> [Work item]: Each line below from the "2025 John Deere S7 700 Image 9" line through the "الاستفسار عله هاذه رقم ***********" line, those two included, must be restated word for word; the pictures must not be.

> [Provided entries]:
※ ※ ※
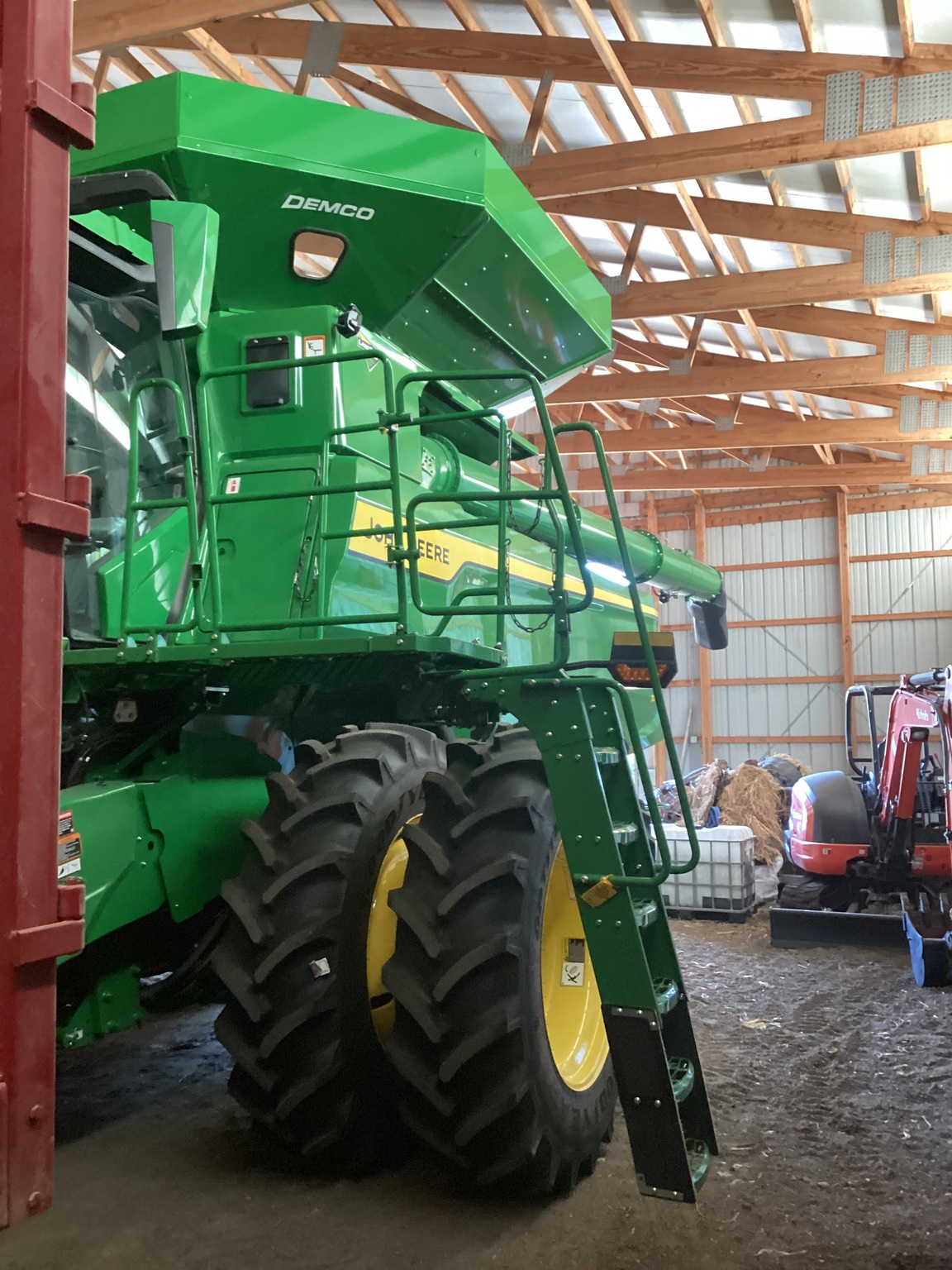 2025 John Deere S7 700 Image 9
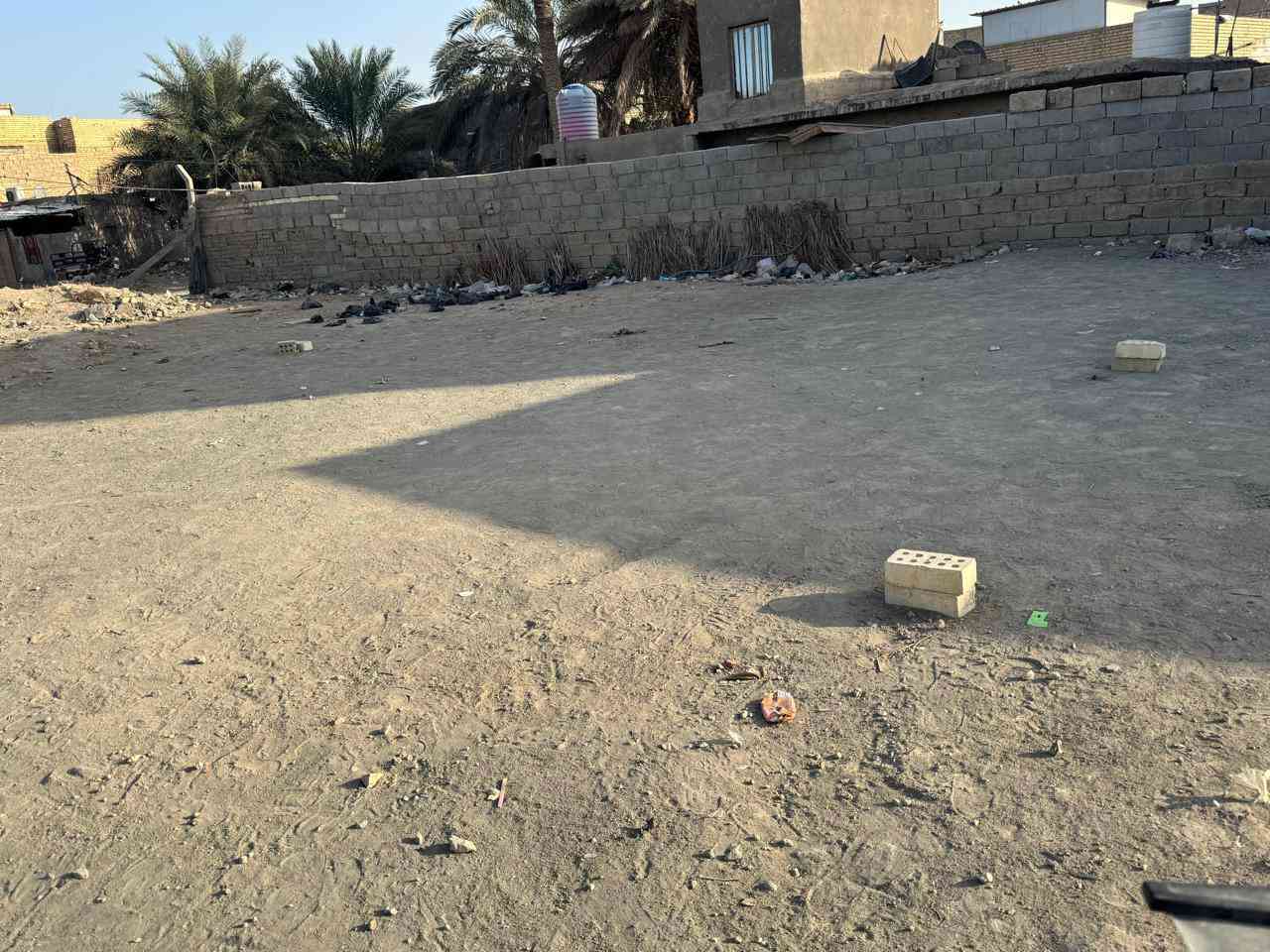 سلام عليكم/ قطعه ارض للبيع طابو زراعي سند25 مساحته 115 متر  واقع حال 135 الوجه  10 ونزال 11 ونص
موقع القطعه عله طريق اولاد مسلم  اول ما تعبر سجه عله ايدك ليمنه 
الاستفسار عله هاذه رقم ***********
※ ※ ※
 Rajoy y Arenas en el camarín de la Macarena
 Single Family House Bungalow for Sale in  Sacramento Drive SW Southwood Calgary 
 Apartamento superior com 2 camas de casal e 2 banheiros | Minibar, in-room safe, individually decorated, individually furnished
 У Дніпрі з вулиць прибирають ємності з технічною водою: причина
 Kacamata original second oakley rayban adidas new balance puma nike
※ ※ ※
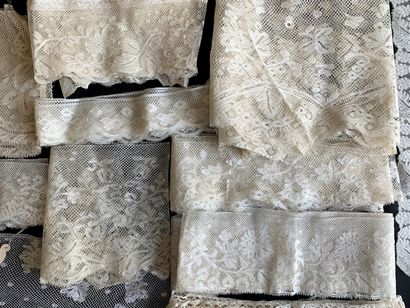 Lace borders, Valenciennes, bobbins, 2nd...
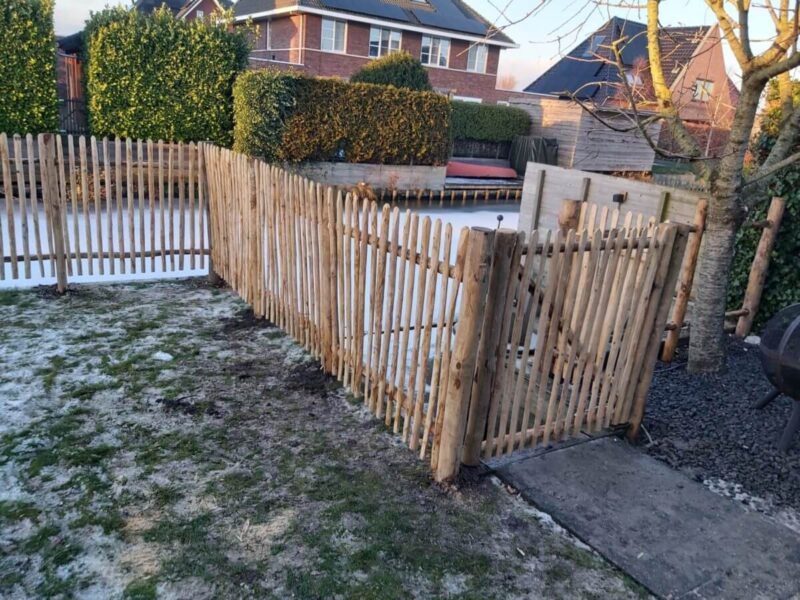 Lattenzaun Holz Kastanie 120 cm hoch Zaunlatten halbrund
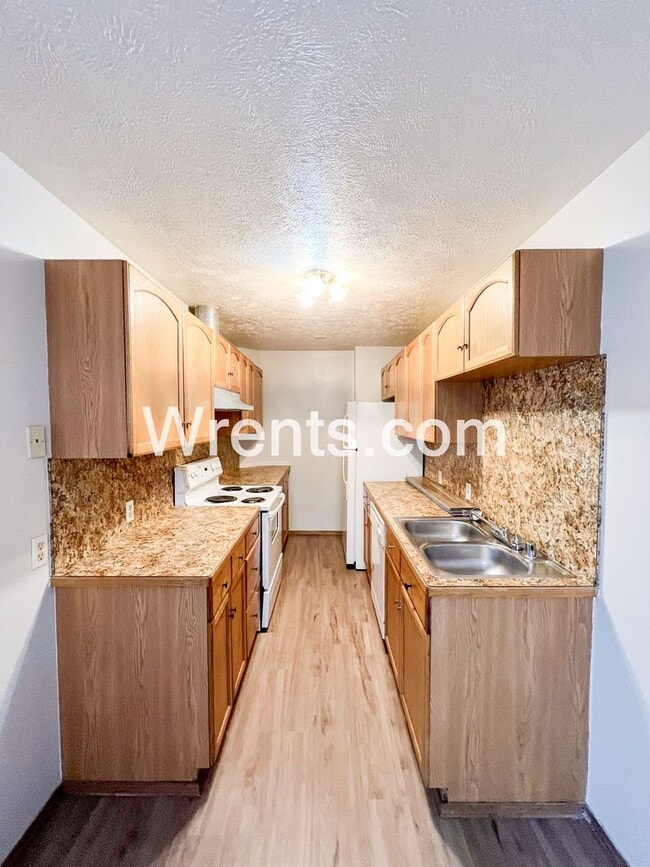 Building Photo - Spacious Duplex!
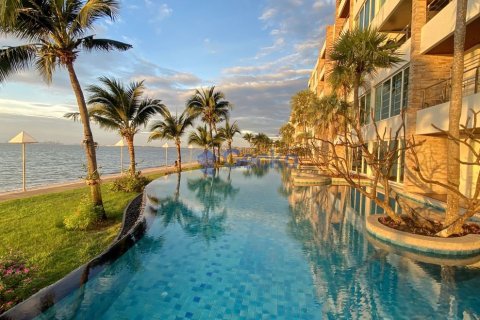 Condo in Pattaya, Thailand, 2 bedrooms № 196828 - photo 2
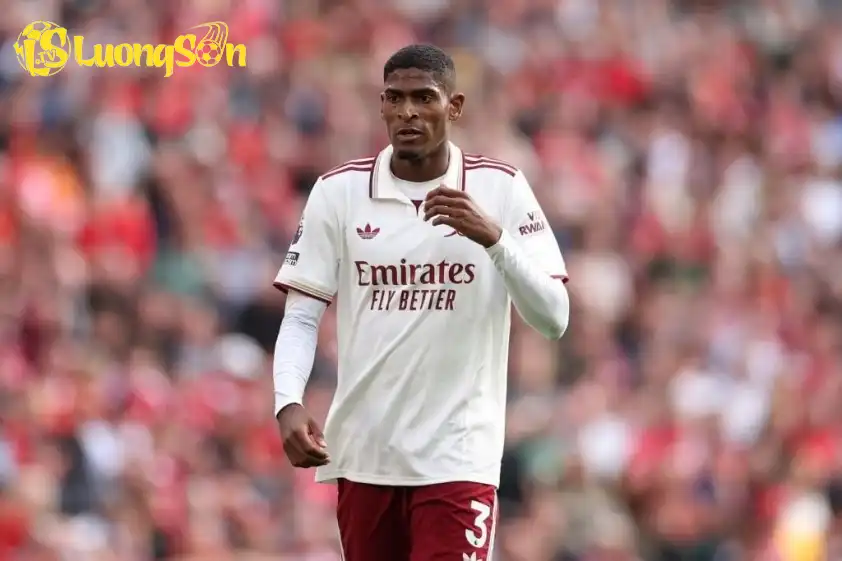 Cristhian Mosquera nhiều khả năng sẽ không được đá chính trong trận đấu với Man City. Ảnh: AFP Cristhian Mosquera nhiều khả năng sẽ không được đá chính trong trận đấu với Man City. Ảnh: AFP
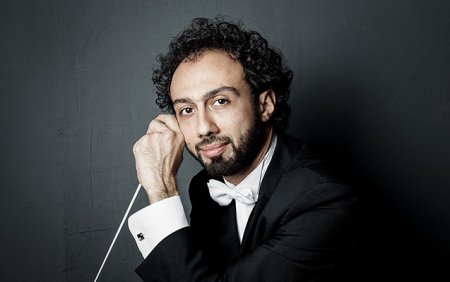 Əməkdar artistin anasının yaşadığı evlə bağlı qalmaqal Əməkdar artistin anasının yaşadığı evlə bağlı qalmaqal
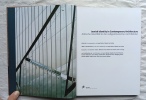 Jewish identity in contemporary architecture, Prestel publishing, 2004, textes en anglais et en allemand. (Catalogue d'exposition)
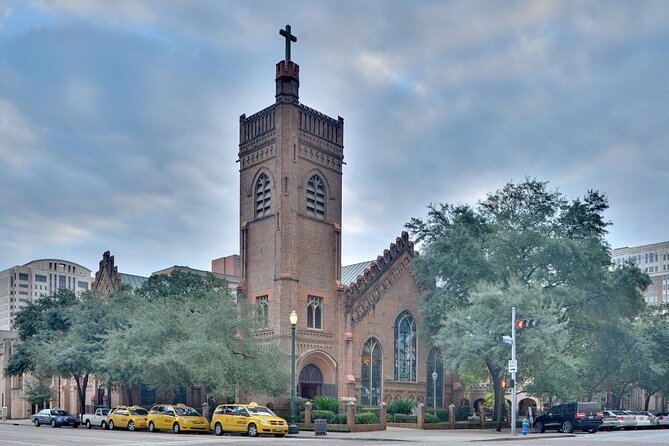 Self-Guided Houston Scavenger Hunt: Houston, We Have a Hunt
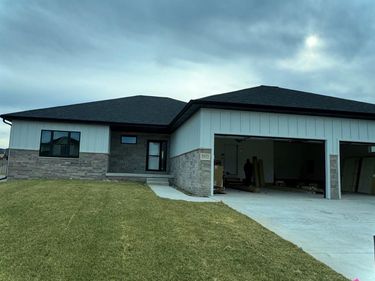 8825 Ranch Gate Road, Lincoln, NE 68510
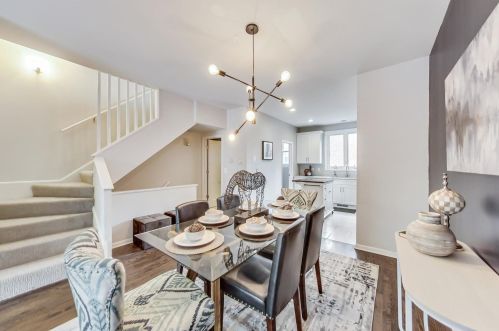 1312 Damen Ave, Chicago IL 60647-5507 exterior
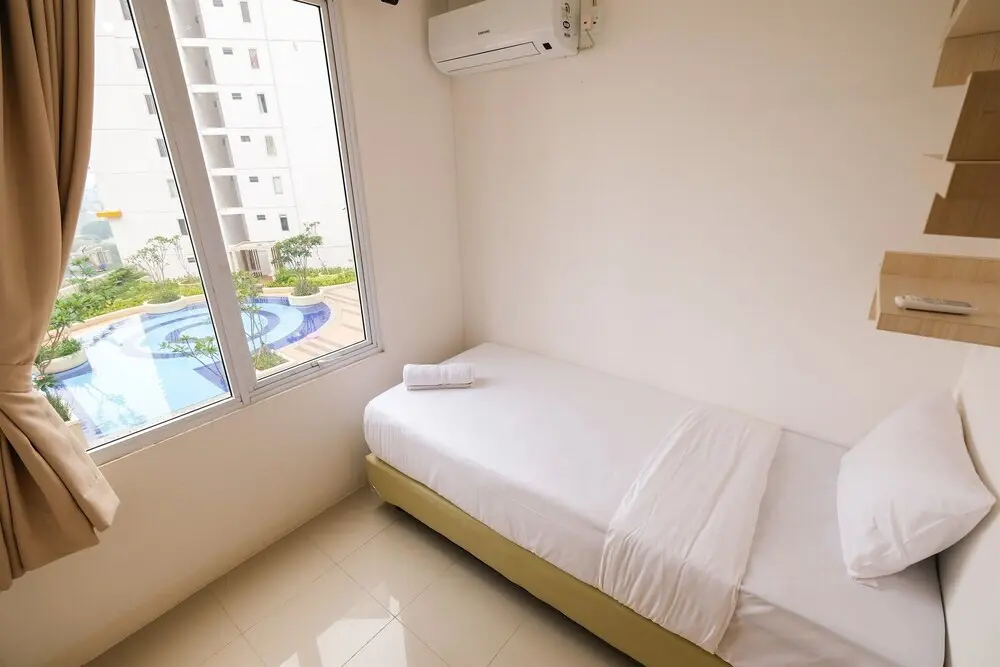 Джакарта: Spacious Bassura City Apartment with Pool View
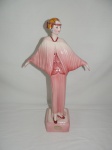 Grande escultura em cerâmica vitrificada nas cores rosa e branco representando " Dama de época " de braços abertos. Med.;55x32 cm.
※ ※ ※
> [Response]:
 2025 John Deere S7 700 Image 9
 سلام عليكم/ قطعه ارض للبيع طابو زراعي سند25 مساحته 115 متر  واقع حال 135 الوجه  10 ونزال 11 ونص
موقع القطعه عله طريق اولاد مسلم  اول ما تعبر سجه عله ايدك ليمنه 
الاستفسار عله هاذه رقم ***********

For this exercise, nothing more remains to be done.